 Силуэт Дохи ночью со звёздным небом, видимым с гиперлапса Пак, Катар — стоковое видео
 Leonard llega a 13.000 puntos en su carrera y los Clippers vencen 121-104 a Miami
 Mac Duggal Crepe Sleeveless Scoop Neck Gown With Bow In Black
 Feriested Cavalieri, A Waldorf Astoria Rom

★ ★ ★

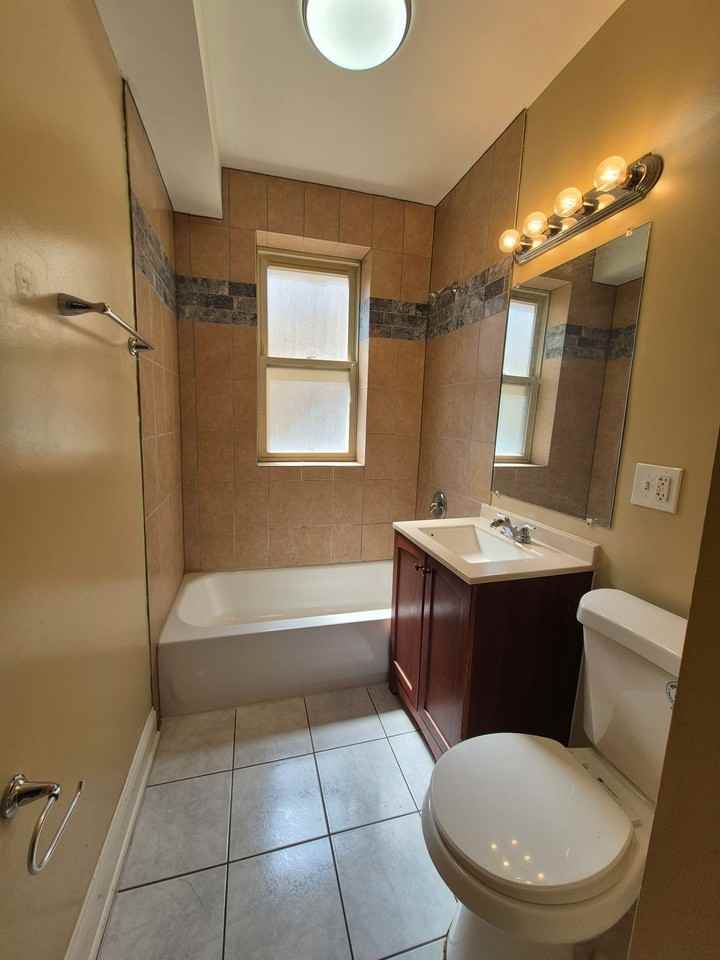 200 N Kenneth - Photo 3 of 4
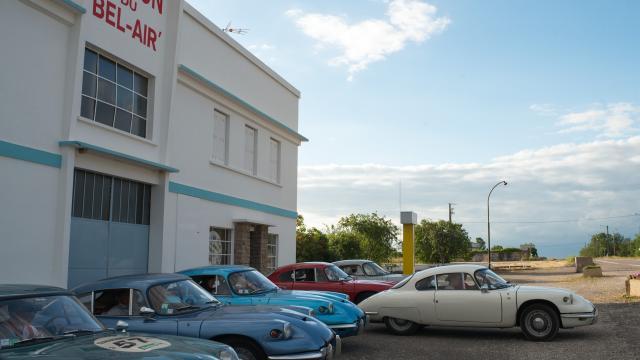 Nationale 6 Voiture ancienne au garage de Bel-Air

★ ★ ★

What the exercise asks
The lines above, starting at the one with "Силуэт Дохи ночью" and ending at the one with "Feriested Cavalieri, A Waldorf Astoria Rom", are the only ones to return, exactly as written.

Your response
 Силуэт Дохи ночью со звёздным небом, видимым с гиперлапса Пак, Катар — стоковое видео
 Leonard llega a 13.000 puntos en su carrera y los Clippers vencen 121-104 a Miami
 Mac Duggal Crepe Sleeveless Scoop Neck Gown With Bow In Black
 Feriested Cavalieri, A Waldorf Astoria Rom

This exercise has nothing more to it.